** STUDY MATERIAL follows **
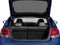 2013 Hyundai Veloster Turbo w/Blue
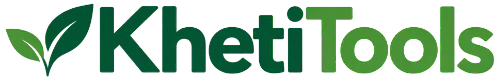 KhetiTools gallery image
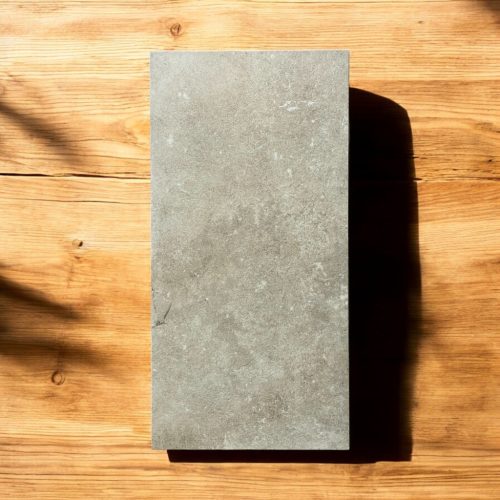 Provence Cream 30x60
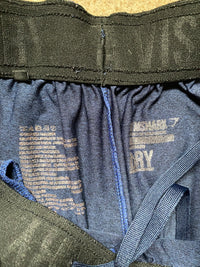 OG Gymshark Element Shorts - Image 3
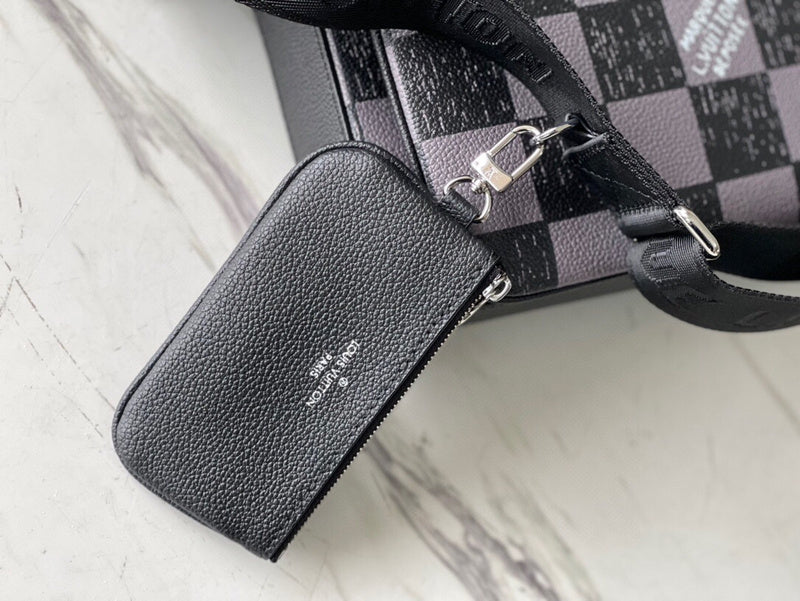 Glami- Glami- Lu-Vi bags - 5768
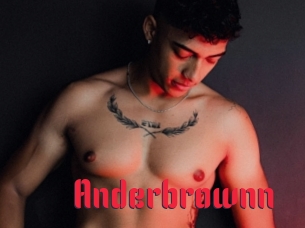 Anderbrownn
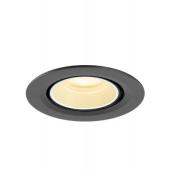  NUMINOSr GIMBLE XS, spot encas 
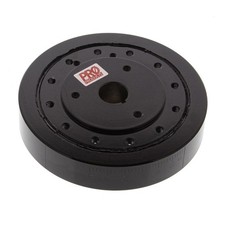 Professional Products 80002 8 Internal Balance Harmonic Balancer 350 Sbc Professional Products 80002 8 Internal Balance Harmonic Balancer 350 Sbc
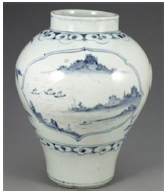 Fig. 9.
** End of STUDY MATERIAL **
**WHAT THE TASK ASKS:** All of the lines above should be retyped precisely, apart from the pictures.

**TASK OUTPUT:**
 2013 Hyundai Veloster Turbo w/Blue
 KhetiTools gallery image
 Provence Cream 30x60
 OG Gymshark Element Shorts - Image 3
 Glami- Glami- Lu-Vi bags - 5768
 Anderbrownn
  NUMINOSr GIMBLE XS, spot encas 
 Professional Products 80002 8 Internal Balance Harmonic Balancer 350 Sbc Professional Products 80002 8 Internal Balance Harmonic Balancer 350 Sbc
 Fig. 9.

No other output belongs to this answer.